Jadi, penulis itu memang dituntut untuk bersabar. Dalam hal ini, sabar saat harus menjadi kambing hitam, sabar pula tatkala tulisan yang sudah Anda kirim itu dijanjikan akan dimuat minggu depan, tapi --nyatanya-- hanya sekedar janji manis semata. Juga, sabar ketika redaktur mengatakan belum menerima tulisan Anda (karena itu, Anda harus "mengirim lagi"), padahal Anda sudah mengirim tulisan itu sebulan lalu. Pendek kata, sebagai penulis Anda harus bersabar, tidak menyerah, tidak putus asa. Karena di balik kesabaran Anda itu, kelak Anda akan menemui buah lebih manis dan lebih berharga dari sekadar uang. Apalagi nama baik, kredibilitas dan kejujuran dari penulis kerapkali harus menjadi taruhan!
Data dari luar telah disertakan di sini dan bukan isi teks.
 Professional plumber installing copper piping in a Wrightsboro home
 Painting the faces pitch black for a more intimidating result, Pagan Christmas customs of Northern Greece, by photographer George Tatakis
Selamat menulis! Tak ada kata menyerah jika Anda sudah bertekat untuk menjadi penulis.***

Ciputat, 28 Mei 2008, (Sumber foto: http://sijore.multiply.com/photos/album/60/KuBuGil_Takshow)


7 komentar:

Yosandy Lip San mengatakan...

wah saya bisa belajar banyak dari tulisan Anda

Yos

Ni'amul Ausath mengatakan...
Komentar ini telah dihapus oleh administrator blog.
Ni'amul Ausath mengatakan...

Met malam pak Nur Mur, apa kabar ? lama nggak jumpa. Kok bisa sih jumpa blog-ku. tapi sory ya belum ada isinya, nggak kayak punya ente yang dah sarat isi dan penuh makna..he he..

htanzil mengatakan...

wah, gak nyangka ternyata pertanyaan spontan saya jadi PR buat mas mursidi.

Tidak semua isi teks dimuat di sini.